PERANCANGAN INTERIOR GEDUNG KESENIAN “TEATER TANAH AIRKU” DI TMII – JAKARTA Ariani Windayu T. Sri Rachmayanti, S. Sn. , M. Des. dan Polin M. S., S. Sn. Desain Interior Universitas Bina Nusantara, Jl. K. H. Syahdan No. 9 Kemanggisan – Palmerah Jakarta Barat 11480, (021) 53696969 / (021) 53696999, ria_rokuonji@yahoo. com
ABSTRAK Perancangan yang dilakukan merupakan perancangan terhadap gedung kesenian yang ada di Jakarta. Tujuan penelitian adalah untuk mendapatkan perancangan tentang gedung kesenian yang dapat meningkatkan kinerja dan kualitas dari pertunjukan yang ditampilkan, bersamaan dengan menanamkan unsur budaya Indonesia. Metode penelitian dilakukan dengan cara survey dan wawancara. Studi mengenai akustik ruang, pencahayaan, penghawaan, dan lainnya dilakukan untuk menunjang syarat perancangan yang baik.
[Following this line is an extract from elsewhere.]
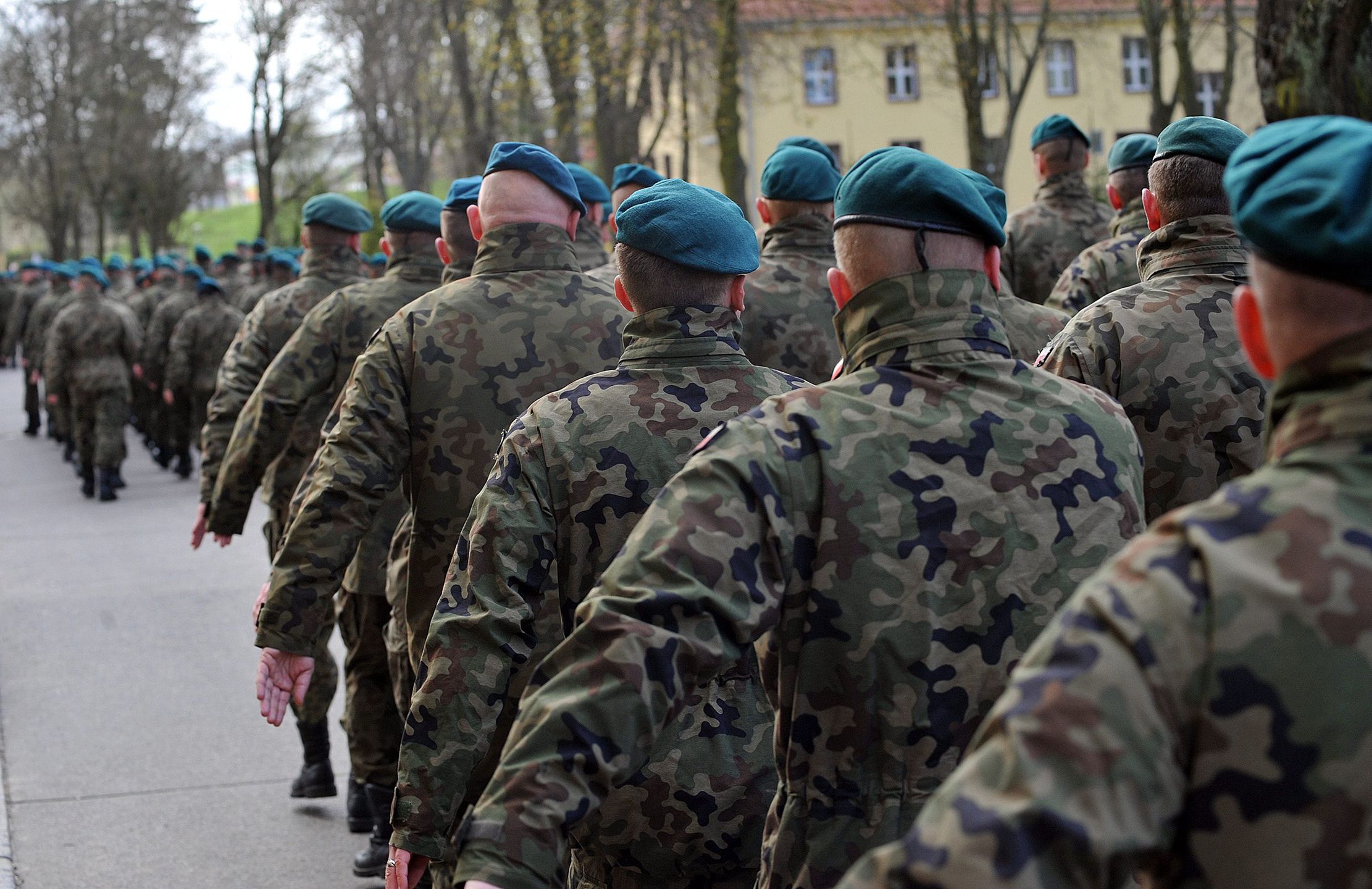 Żołnierz zbierał jednostkę w jednostce wojskowej. Zdjęcie ilustr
Hasil pembahasan yang diperoleh adalah dengan menggunakan konsep “Essense of Indonesia” dimana karya tekstil Indonesia ditampilkan ke dalam bentuk interior yang modern, tanpa mengurangi fungsi utama bangunan sebagai gedung teater. Disimpulkan bahwa perancangan ini akan menghasilkan gedung kesenian yang berkualitas sebagai wahana rekreasi, wisata, dan pengetahuan budaya Indonesia yang ada di Jakarta. Kata Kunci : Kesenian, Teater, Budaya Indonesia, tekstil ABSTRACT The design is performed for design of an arts building in Jakarta. Research objective is to get a design of an arts building that can improve performance and quality of performances are shown, along with instilling elements of Indonesian culture. Method study done by surveys and interviews. The study of the acoustic space, lighting, moisture, and other terms are done to support good design. The research results is by using concept of “Essence of Indonesia” which is using Indonesian textiles as modern concept, without reducing the main function as a theatre. It is concluded that this design will produce a good quality building of performing arts as for recreation, tourism, and knowledge of Indonesian culture in Jakarta. Keywords : Arts, Theatre, Indonesian Culture, textile
PENDAHULUAN Menurut Leo Tolstoy, seni adalah ungkapan perasaan pencipta yang disampaikan kepada orang lain agar mereka dapat merasakan apa yang dirasakan pelukis. Seni dapat diartikan juga sebagai segala sesuatu ciptaan manusia yang mengandung unsur keindahan. Sedangkan menurut Kamus Besar Bahasa Indonesia, pertunjukan berarti sesuatu yang dipertunjukkan; tontonan (bioskop, wayang, dsb),
ataupun pameran (barang – barang). Jika diartikan secara bersamaan, seni pertunjukan dapat diartikan sebagai karya seni yang melibatkan aksi individu atau kelompok di tempat dan waktu tertentu. Seni pertunjukan atau yang dalam bahasa Inggrisnya disebut dengan Performance Art ini biasanya melibatkan empat unsur, yaitu waktu, ruang, tubuh si seniman, dan hubungan seniman dengan penonton. Kegiatan – kegiatan seni seperti teater, tari, musik termasuk di dalam seni pertunjukan. Seni pertunjukan tentunya memiliki tempat dan fasilitas tersendiri ketika melangsungkan pertunjukan. Dibutuhkan suatu wadah sebagai tempat untuk mengapresiasikan seni, yang berupa gedung pertunjukan. Gedung pertunjukan yang digunakan harus memenuhi segala syarat dan ketentuan baik dari segi arsitektur hingga ke perancangan interiornya. Perancangan yang baik akan menunjang segala aktifitas dan keperluan pengguna di dalamnya.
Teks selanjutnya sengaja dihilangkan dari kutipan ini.